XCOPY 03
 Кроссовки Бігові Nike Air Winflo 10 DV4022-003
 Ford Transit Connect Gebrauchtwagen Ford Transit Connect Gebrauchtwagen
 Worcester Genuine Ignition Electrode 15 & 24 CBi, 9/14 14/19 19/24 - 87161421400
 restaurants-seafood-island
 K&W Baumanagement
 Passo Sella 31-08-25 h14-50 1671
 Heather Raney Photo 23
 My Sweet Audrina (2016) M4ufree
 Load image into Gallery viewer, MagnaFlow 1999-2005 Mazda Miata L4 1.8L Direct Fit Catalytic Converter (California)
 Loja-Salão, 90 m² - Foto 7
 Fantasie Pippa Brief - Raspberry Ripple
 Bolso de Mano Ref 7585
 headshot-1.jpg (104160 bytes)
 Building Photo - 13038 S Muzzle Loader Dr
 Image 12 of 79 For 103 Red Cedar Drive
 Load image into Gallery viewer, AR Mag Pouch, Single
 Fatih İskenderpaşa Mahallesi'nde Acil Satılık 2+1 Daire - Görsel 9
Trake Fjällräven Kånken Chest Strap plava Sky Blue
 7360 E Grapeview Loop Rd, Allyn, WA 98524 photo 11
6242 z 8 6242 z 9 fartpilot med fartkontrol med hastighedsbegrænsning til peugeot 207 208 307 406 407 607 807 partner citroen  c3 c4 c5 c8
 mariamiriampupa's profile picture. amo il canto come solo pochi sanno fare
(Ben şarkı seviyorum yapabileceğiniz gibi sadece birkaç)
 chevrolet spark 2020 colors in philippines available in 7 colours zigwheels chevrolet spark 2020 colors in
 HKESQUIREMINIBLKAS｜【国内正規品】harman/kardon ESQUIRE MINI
◇ ◇ ◇
▶ **About this task**
Beginning with the line that contains "Load image into Gallery viewer, AR", each line of the records above through the last one must be printed word for word.

▶ **Task solution**
 Load image into Gallery viewer, AR Mag Pouch, Single
 Fatih İskenderpaşa Mahallesi'nde Acil Satılık 2+1 Daire - Görsel 9
Trake Fjällräven Kånken Chest Strap plava Sky Blue
 7360 E Grapeview Loop Rd, Allyn, WA 98524 photo 11
6242 z 8 6242 z 9 fartpilot med fartkontrol med hastighedsbegrænsning til peugeot 207 208 307 406 407 607 807 partner citroen  c3 c4 c5 c8
 mariamiriampupa's profile picture. amo il canto come solo pochi sanno fare
(Ben şarkı seviyorum yapabileceğiniz gibi sadece birkaç)
 chevrolet spark 2020 colors in philippines available in 7 colours zigwheels chevrolet spark 2020 colors in
 HKESQUIREMINIBLKAS｜【国内正規品】harman/kardon ESQUIRE MINI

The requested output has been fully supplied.